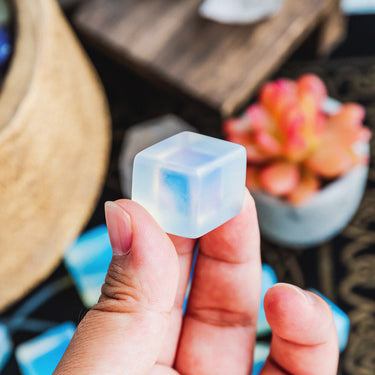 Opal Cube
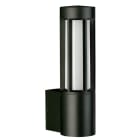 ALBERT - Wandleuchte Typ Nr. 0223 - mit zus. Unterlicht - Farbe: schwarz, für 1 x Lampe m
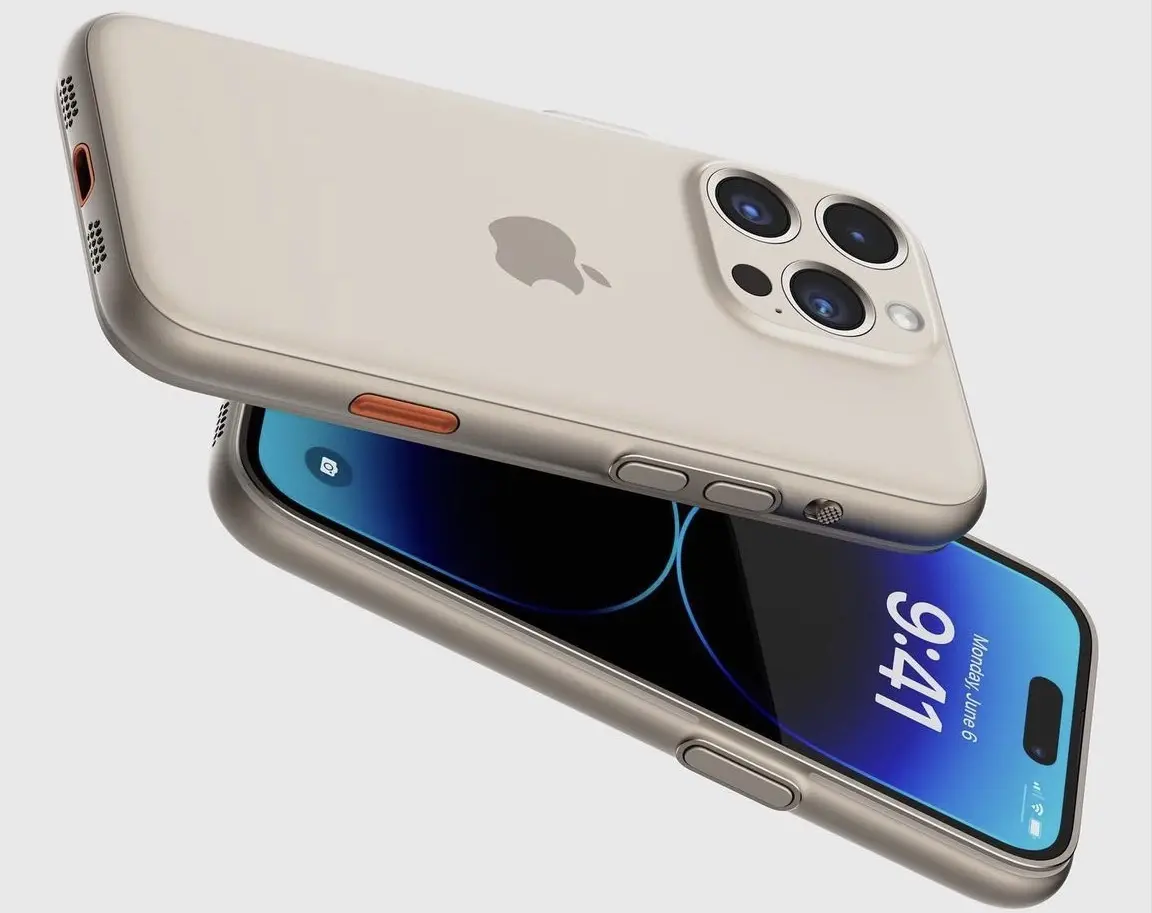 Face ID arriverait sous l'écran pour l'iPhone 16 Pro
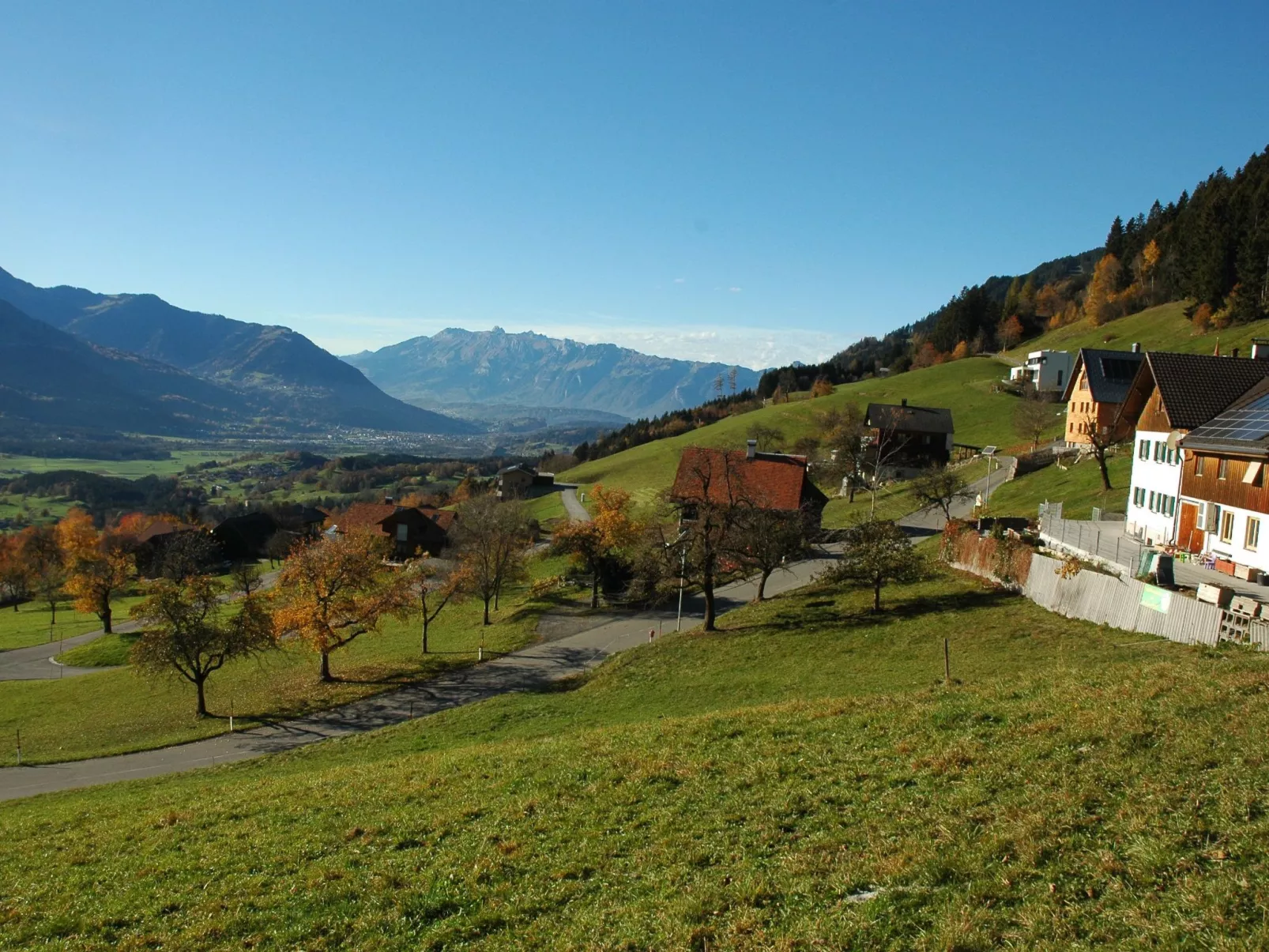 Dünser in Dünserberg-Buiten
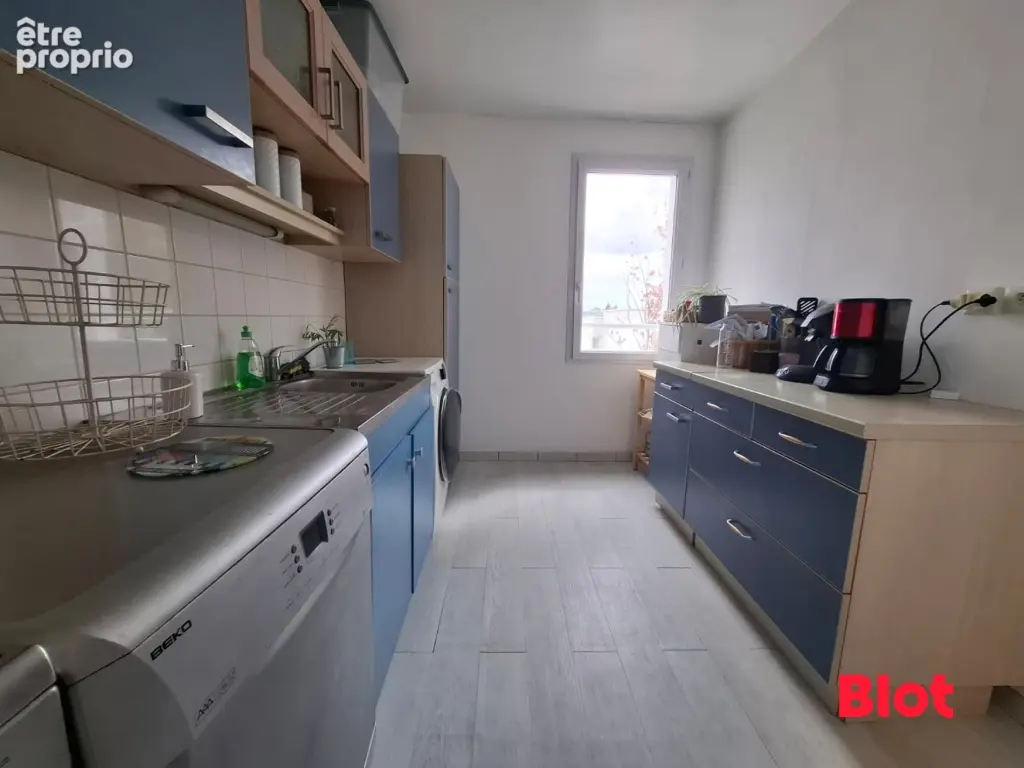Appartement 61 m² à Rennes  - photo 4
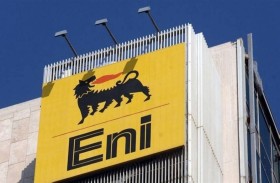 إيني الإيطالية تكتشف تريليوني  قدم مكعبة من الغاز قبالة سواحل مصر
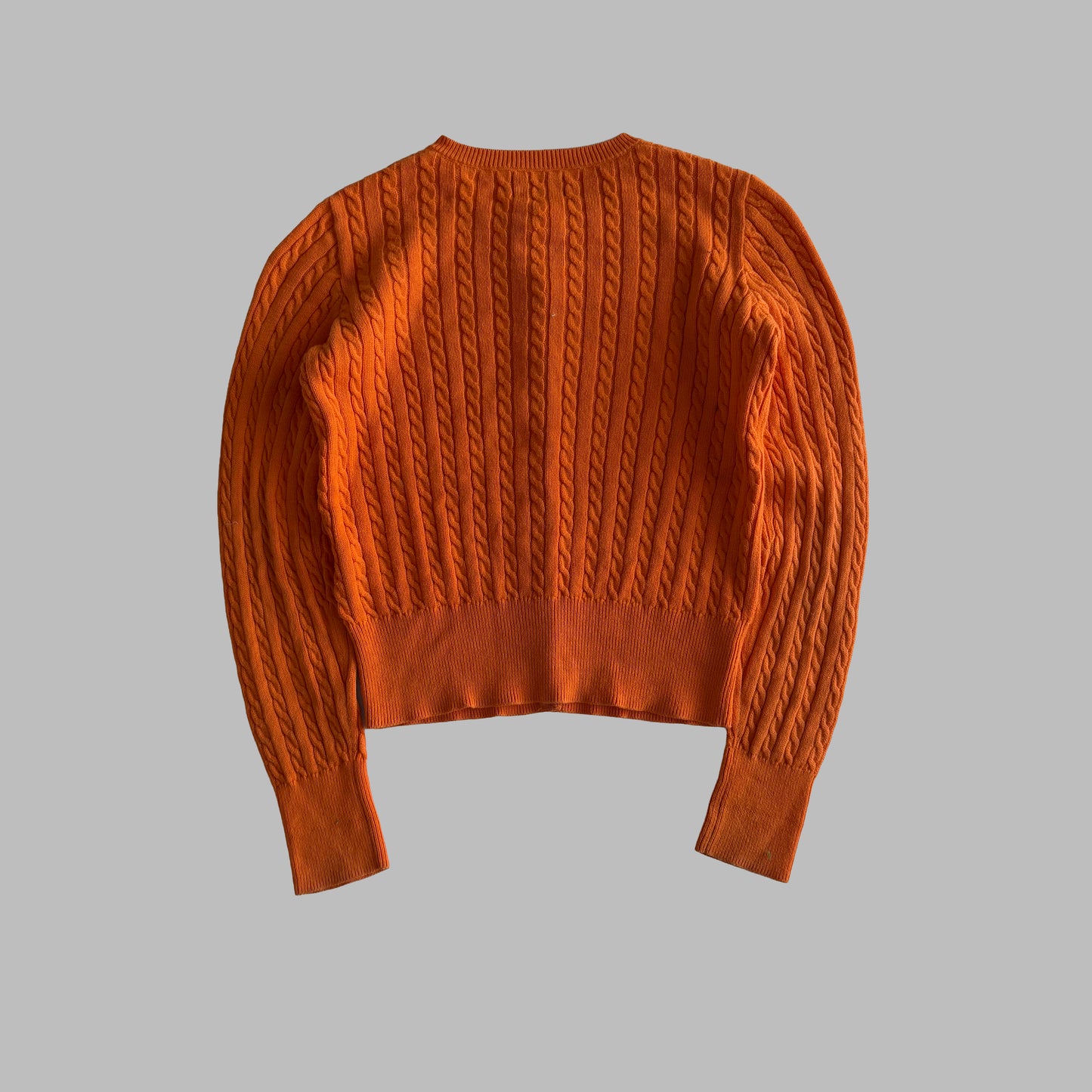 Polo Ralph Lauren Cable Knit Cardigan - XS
######
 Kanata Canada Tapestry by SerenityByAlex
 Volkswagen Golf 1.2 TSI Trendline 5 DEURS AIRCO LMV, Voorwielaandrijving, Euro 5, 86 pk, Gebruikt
######
Return exactly the lines above, from the one with "ALBERT - Wandleuchte" up to and including the one with "Polo Ralph Lauren Cable Knit Cardigan - XS", and include no pictures.

 ALBERT - Wandleuchte Typ Nr. 0223 - mit zus. Unterlicht - Farbe: schwarz, für 1 x Lampe m
 Face ID arriverait sous l'écran pour l'iPhone 16 Pro
 Dünser in Dünserberg-Buiten
Appartement 61 m² à Rennes  - photo 4
 إيني الإيطالية تكتشف تريليوني  قدم مكعبة من الغاز قبالة سواحل مصر
 Polo Ralph Lauren Cable Knit Cardigan - XS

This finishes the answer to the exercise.